Anyway, back to the Halloween Tarot - at random, I drew the Two of Bats:

Here we see a woman in white seated on a stone bench at night, in front of a body of water - in both cases, there are small bits of land nearby and a mountainous landmass in the distance.  A waxing crescent moon hangs in the sky - this has to do with something new that is just starting to develop.  In each case, the woman is blindfolded, arms crossed in front of her chest.

In the Halloween Tarot, the woman is not holding swords in her arms... rather, there are a pair of bats hovering at each shoulder.  She has wings, like an angel or - it seems to me - like an angel statue. In any event, the wings speak to the qualities of air, the element of this suit.  Air involves all things mental - communication, ideas, debates, thoughts and beliefs.

The Two of Swords - or Bats - for me generally has to do with a decision being weighed objectively.  The woman has turned herself away from the emotional waters behind her, she's crossed her arms over her heart - both to protect it and perhaps to 'cross her heart' and be true in her decisionmaking.  She is blindfolded, perhaps to shut out irrelevent information....perhaps because she's missing information she needs to move beyond this point and decide, already.   Sometimes, this card represents an impasse, where no decision can be made as the options are two evenly weighted - something needs to change to tip the decision one way or another.

The last card I'm going to draw will be a Court Card.

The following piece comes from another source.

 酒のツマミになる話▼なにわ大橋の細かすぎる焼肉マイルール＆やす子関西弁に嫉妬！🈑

In Tarot, these are cards that have to do with people, types of people, personalities and traits.

The card I've drawn is the Page of Ghosts (Cups):

There are again a lot of similaries here - in both cases, the page is a young man holding up a cup that has a fish inside that appears to be having a conversation with the boy.  The biggest differences I see are the dress - although they each are 'dressed up'... the Page of Ghosts is dressed AS a Ghost, getting right inside his element.. the Page of Cups is in a foppish outfit all pink and blue and very pretty rather than practical.   They are each standing in front of a rolling body of water, althrough the time of day is different - daylight for the Page of Cups, night at the full moon for the Page of Ghosts.

One additions (other than the cat and ghost) I see in the Page of Ghosts is the sealed envelope on the ground.  It highlights, I think, one of the qualities of the Page of Cups - he is all about romance and romantic messages.
That's what pages do - they are the carriers of messages regarding their element.  The watery element can be very fanciful, imaginative and yes, romantic.   This Page lives comfortably in the world of fantasy - talking to a fish, for goodness sake!

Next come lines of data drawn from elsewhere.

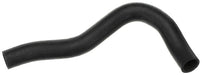 Cooling System Components Gates 24284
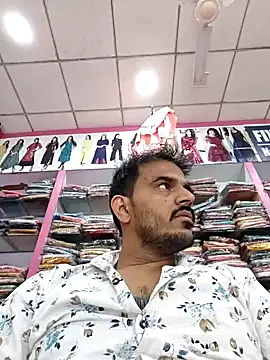 Snapshot of absoluteright chatting on 12-11-24, 10:14 absoluteright online show from 12-11-24, 10:14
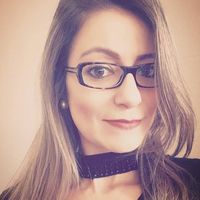 Photos de Jaqueline Rocio Silva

I tend to always see Pages as younger in spirit if not by age, immature and still learning about their element - this page is not a 'player' but an innocent... he isn't always all that tuned into the reality of a situation, so he can get his (or her) heart broken, and break a few hearts too, though never intentionally.

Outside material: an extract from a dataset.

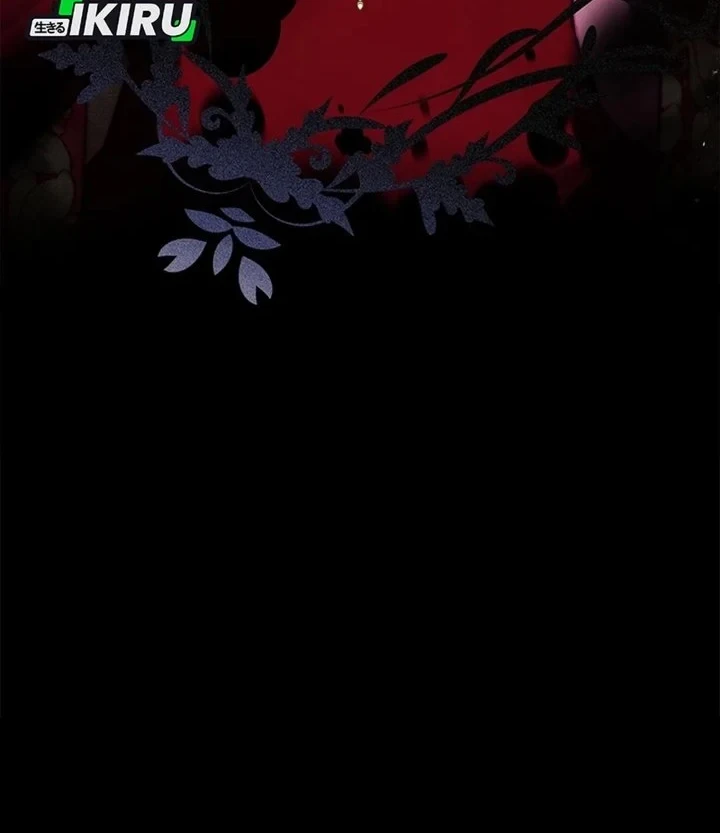 Chapter 138 - halaman 35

That person you know that falls in love - really, truly, madly, deeply - to a new person every few weeks?  Who has planned out their wedding to the smallest detail (which definitely includes doves doing aerial ballet on demand, and swans wandering the grounds decoratively) but hasn't yet chosen a partner or given a moment's thought to what happens after... that's a Page of Cups.

The Page of Ghosts shows the 'let's play dress up' quality of this type of person.  I have a soft spot for the Page's simple innocence and ability to dive into their own imagination.  Sure, there are some things still needing to be learned, but that sense of fun and possiblity is something these type of people should always strive to hold onto.

So... that's my look at the Halloween Tarot.  Do you use this deck? How do you like it?